● **Listed records**:
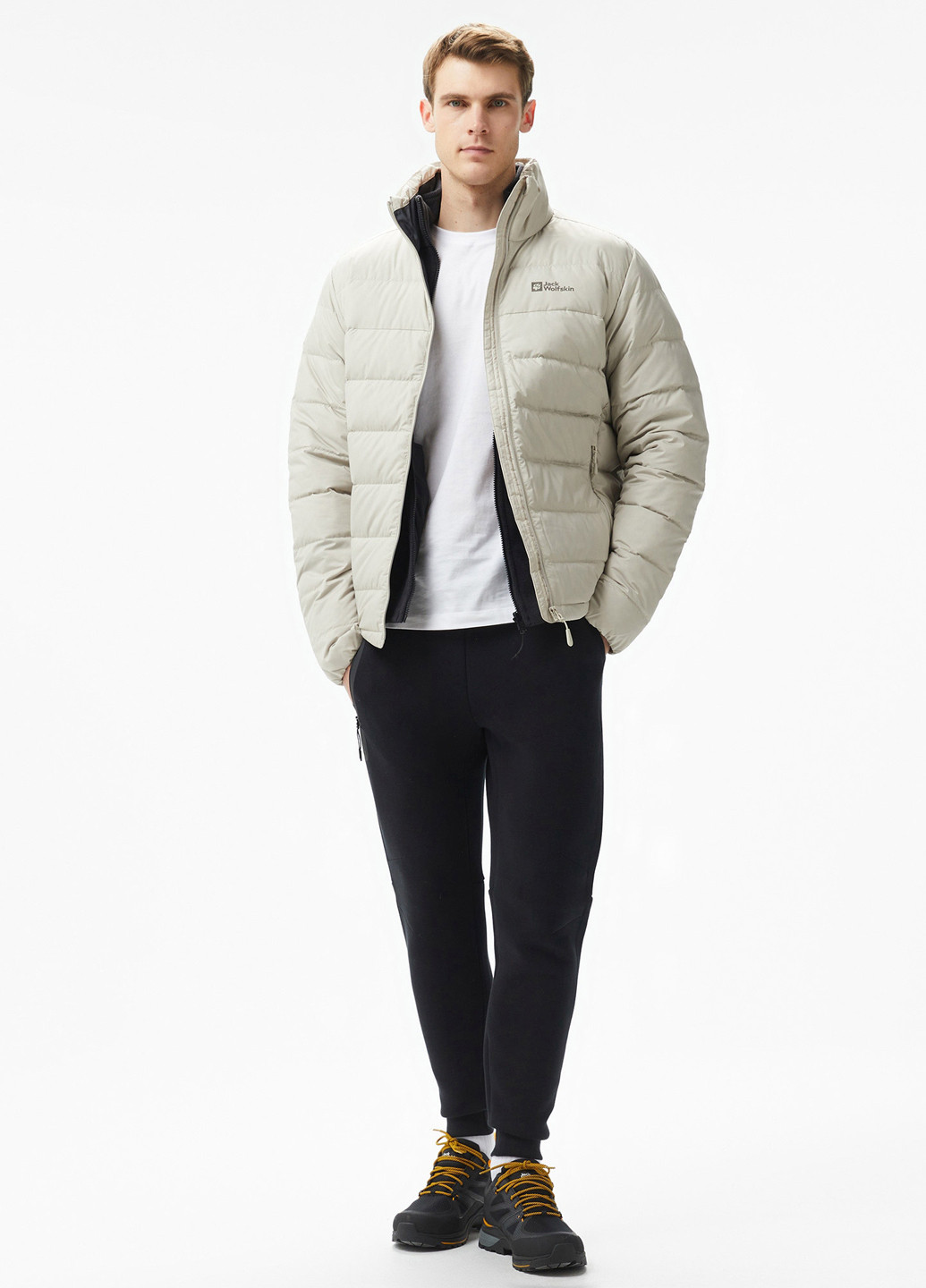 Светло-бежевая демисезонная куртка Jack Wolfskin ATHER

...

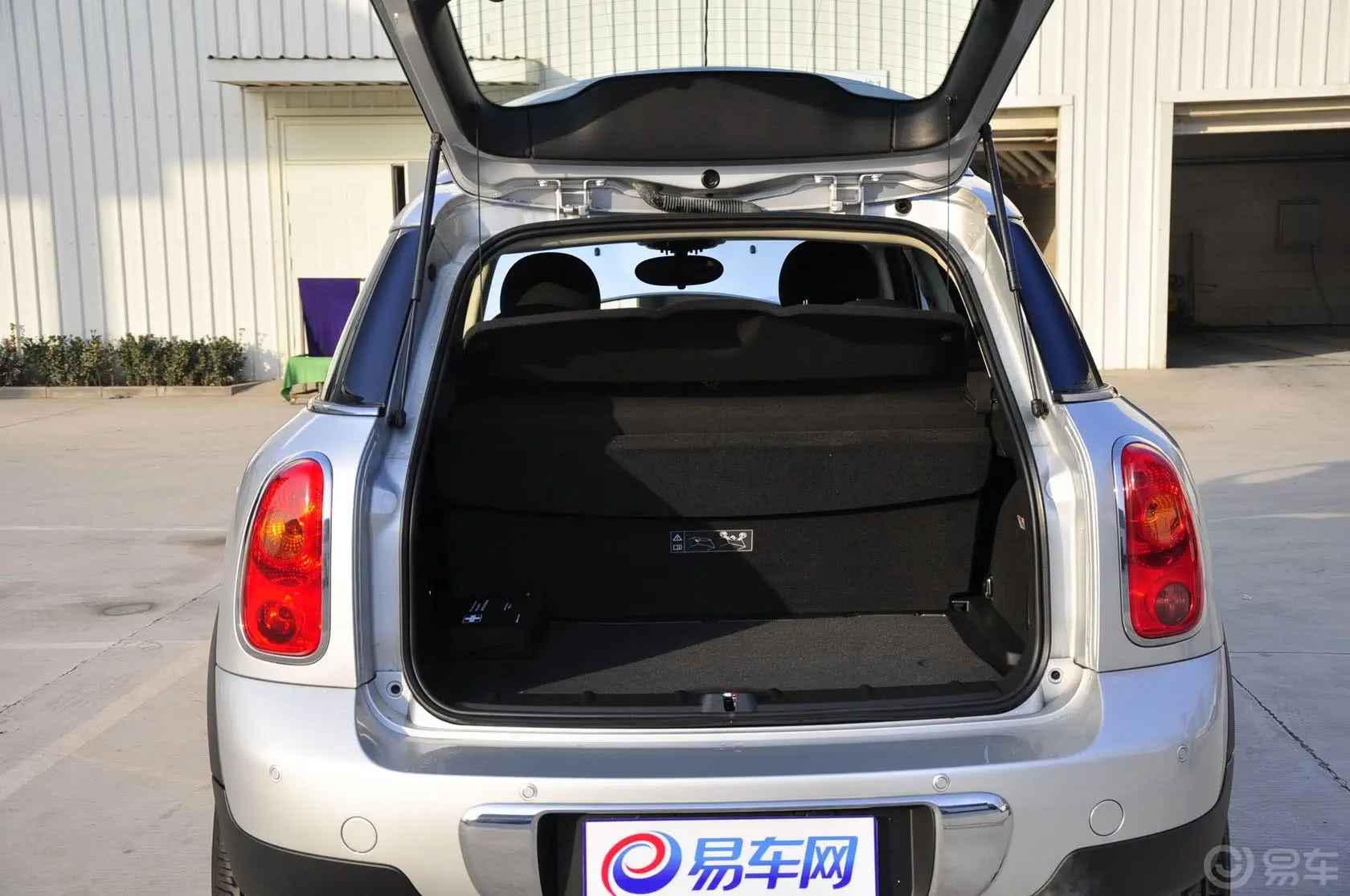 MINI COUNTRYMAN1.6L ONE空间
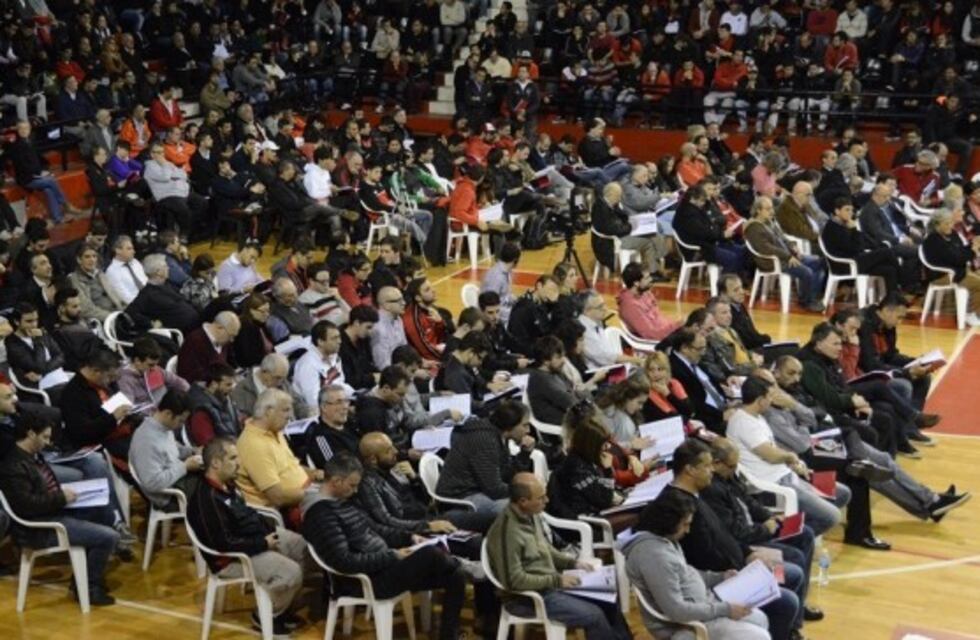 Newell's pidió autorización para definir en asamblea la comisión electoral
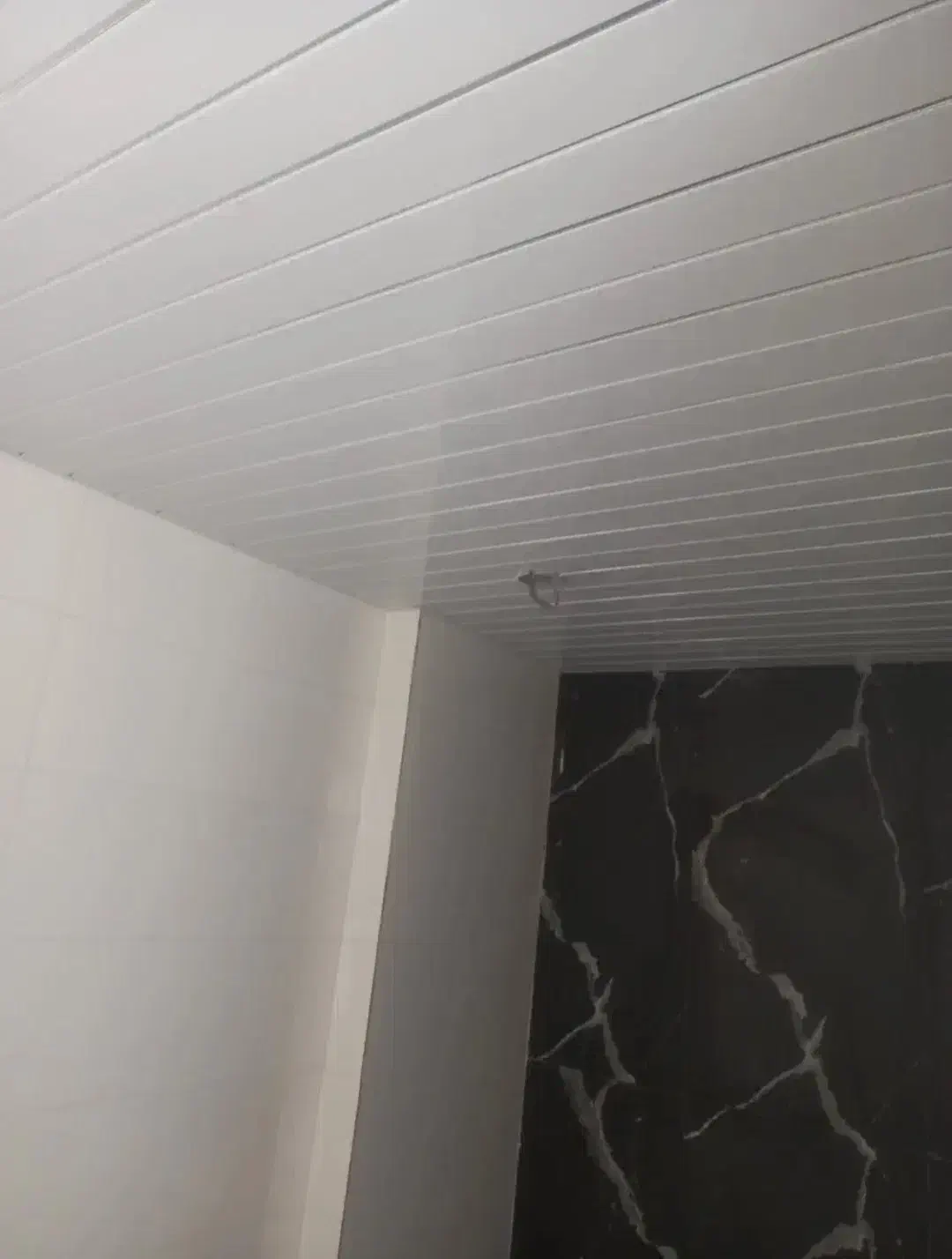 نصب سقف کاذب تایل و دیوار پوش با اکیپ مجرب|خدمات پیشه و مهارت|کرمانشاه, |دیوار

...

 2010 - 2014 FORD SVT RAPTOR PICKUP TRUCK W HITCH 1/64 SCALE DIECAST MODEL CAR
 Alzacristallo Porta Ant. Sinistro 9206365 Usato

● **Task**:
In the records above, find the line with "Newell's pidió autorización" and the line with "نصب سقف کاذب". Write out exactly those lines and every one between, with no pictures and no other lines.

● **Task result**:
 Newell's pidió autorización para definir en asamblea la comisión electoral
 نصب سقف کاذب تایل و دیوار پوش با اکیپ مجرب|خدمات پیشه و مهارت|کرمانشاه, |دیوار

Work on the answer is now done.